■ Assigned task:
The lines to copy run from the one containing "Handful of Puppy" to the last line of the entries; output those lines exactly and only them, without pictures.

======== Supplied entries ========

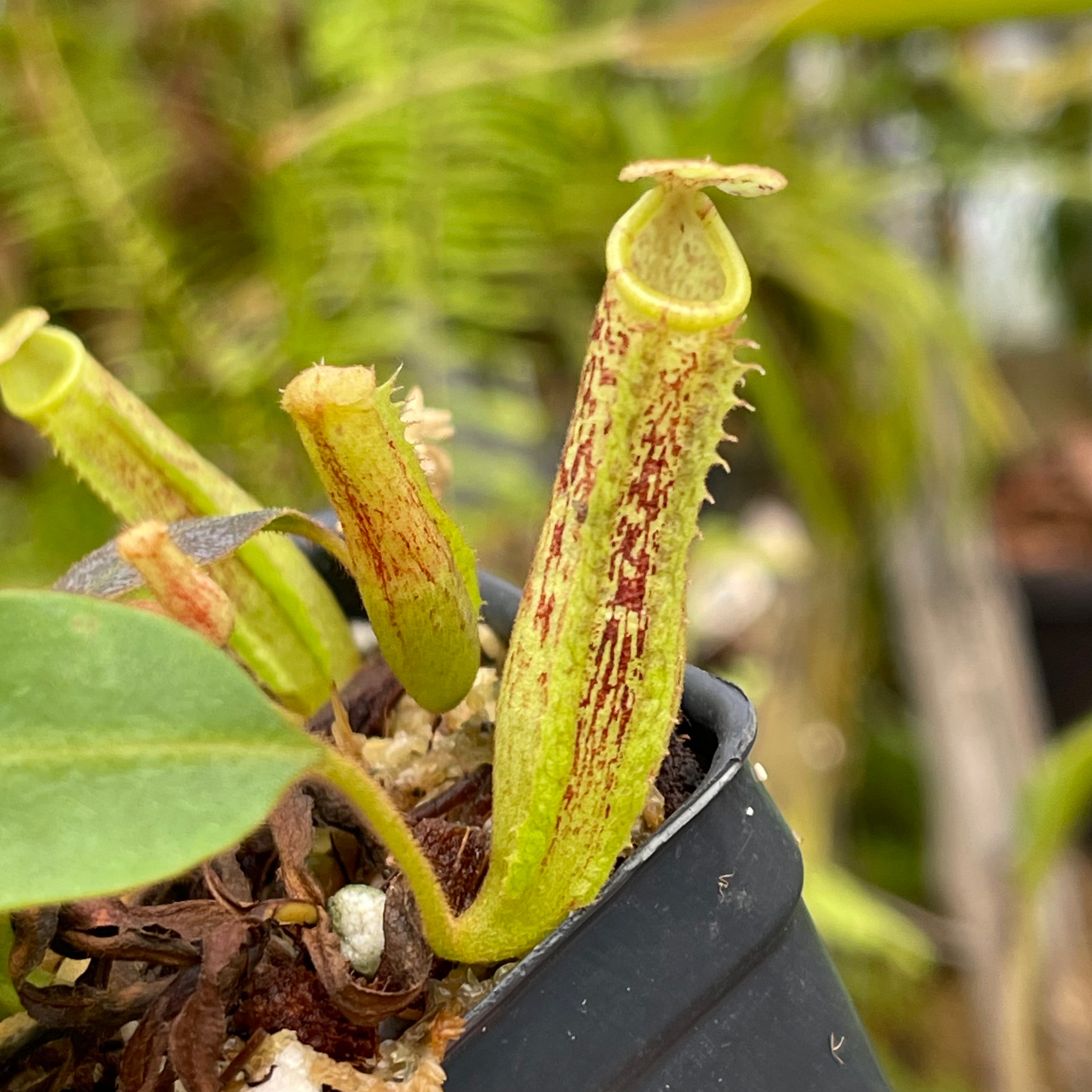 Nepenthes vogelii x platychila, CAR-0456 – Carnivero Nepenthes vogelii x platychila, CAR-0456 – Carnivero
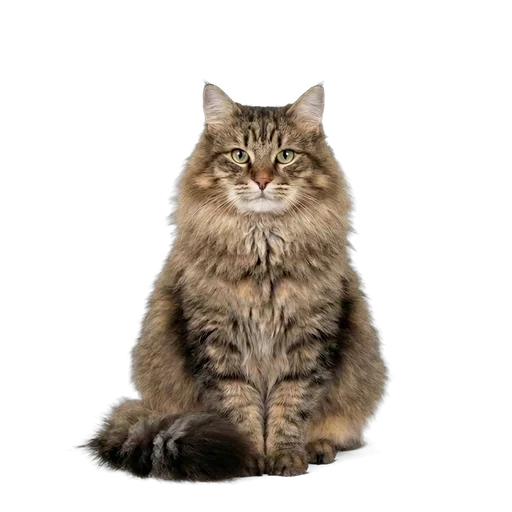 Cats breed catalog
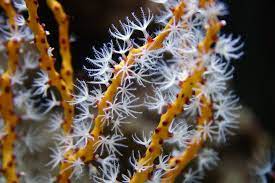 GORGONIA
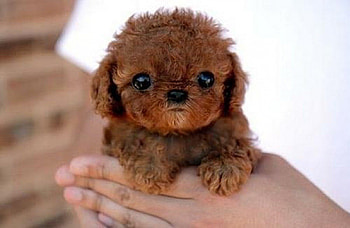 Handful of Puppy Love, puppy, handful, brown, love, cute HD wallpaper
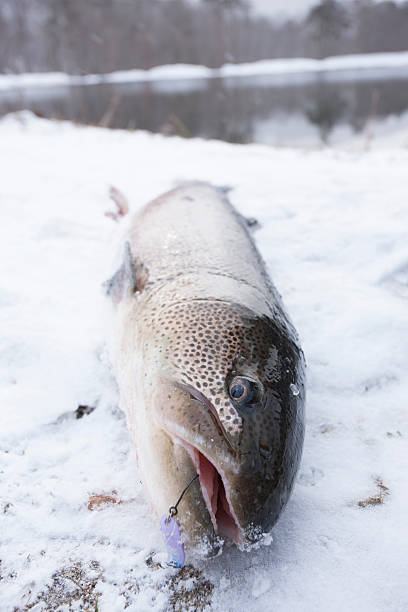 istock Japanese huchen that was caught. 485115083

========

■ Written solution:
 Handful of Puppy Love, puppy, handful, brown, love, cute HD wallpaper
 istock Japanese huchen that was caught. 485115083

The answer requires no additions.